Interview mit Eric Kansa von Open Context
Er hat einen Doktortitel in Anthropologie von der Harvard University und seine Forschungsinteressen beschäftigen sich mit Forschungsdateninformatik, Forschungsdatenpolitik, Ethik und dem beruflichen Kontext der Digital Humanities.
Can you give us some numbers about Open Context? How many datasets have been published until to date and what disciplines are represented?
We have 115 public projects, and another 18 in preparation. Most are archaeological, but we do have one project published from public health research.
And where do your “clients” come from (i.e. mostly from the US, or more globally)?
Most data come from individual specialist researchers, some from excavation teams (with multiple specialists). The majority of data we publish relevant to North American archaeology comes from US state government agencies that manage cultural resources. Most of the people who have published with us are American, and a few are from the UK. There are currently 4 datasets in preparation from EU-based researchers.
Open Context has established a successful business model for publishing open data in Archaeology. What are the key “ingredients” in your “recipe”?
We’re constantly working to secure adequate funding. The current political context in the US makes this especially challenging, as some key government funding sources have been threatened with total elimination, and we expect health-care insurance costs to rise drastically. So our main approach is to try to develop multiple sources of revenue. We’re very grateful for continued support from grants, but recently we’ve earned a larger portion of our income from data publishing fees. We have also done consulting and contracting work to raise revenue. Sometimes this works well, as it gives us a chance to work with a wider professional network, but we try to limit consulting work because it can distract us from our primary mission of publishing open archaeological data. We also don’t try to do everything in house. We use data preservation and repository services provided by other organizations, that means we don’t have to try to finance a much larger and more complex organization, technology, and workflows. So, by staying small, relatively flexible, and by working with a larger network of libraries we can keep costs down.

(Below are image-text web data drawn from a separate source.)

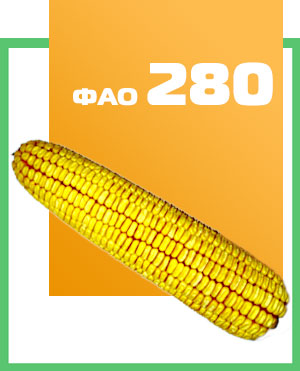 Семена кукурузы гибрид ДН Орлик 280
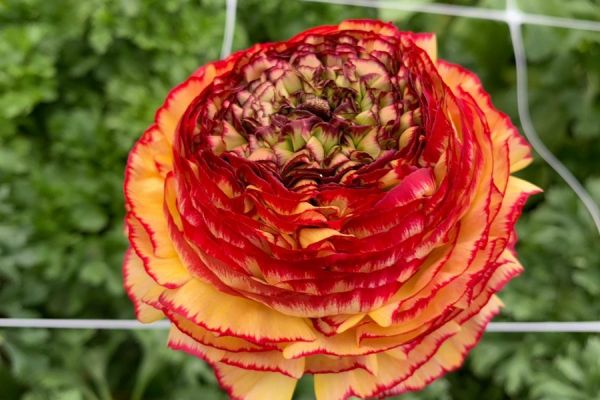 blumen-52.jpeg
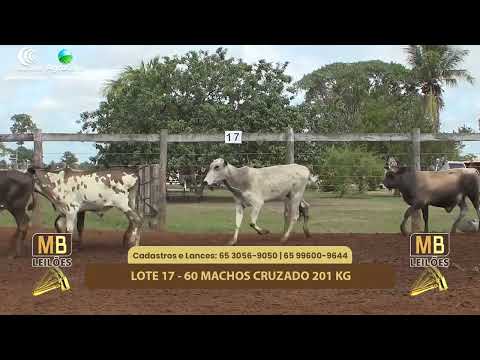 523� LEIL�O VIRTUAL MB LEIL�ES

Open Context’s 1-minute introductory video ends with the motto “Data is for discovery and inspiration”. What is your favorite example of unexpected use ever made by anyone of contents published by Open Context?
We aspire to support all sorts of use, not just research outcomes. I’d love to see more artistic and creative uses of open data in archaeology, since I think making the past come to life in new forms of expression should be an important goal for archaeology. One area I’m excited to see is that some people are using Open Context in teaching. Some colleagues told me that they just had a paper accepted in Advances in Archaeological Practice (a journal published by the Society for American Archaeology) about this. But the most unexpected use I think comes from Shawn Graham’s „sonification“ of data he obtained from text-mining excavation diaries from Kenan Tepe in Turkey. He used Open Context’s API to get all the field notes, ran some text-analysis algorithms on the content, and then transformed that to sound, in addition to more conventional data visualizations. I’m not sure it will be a musical classic, but it sure illustrates very surprising uses of archaeological data!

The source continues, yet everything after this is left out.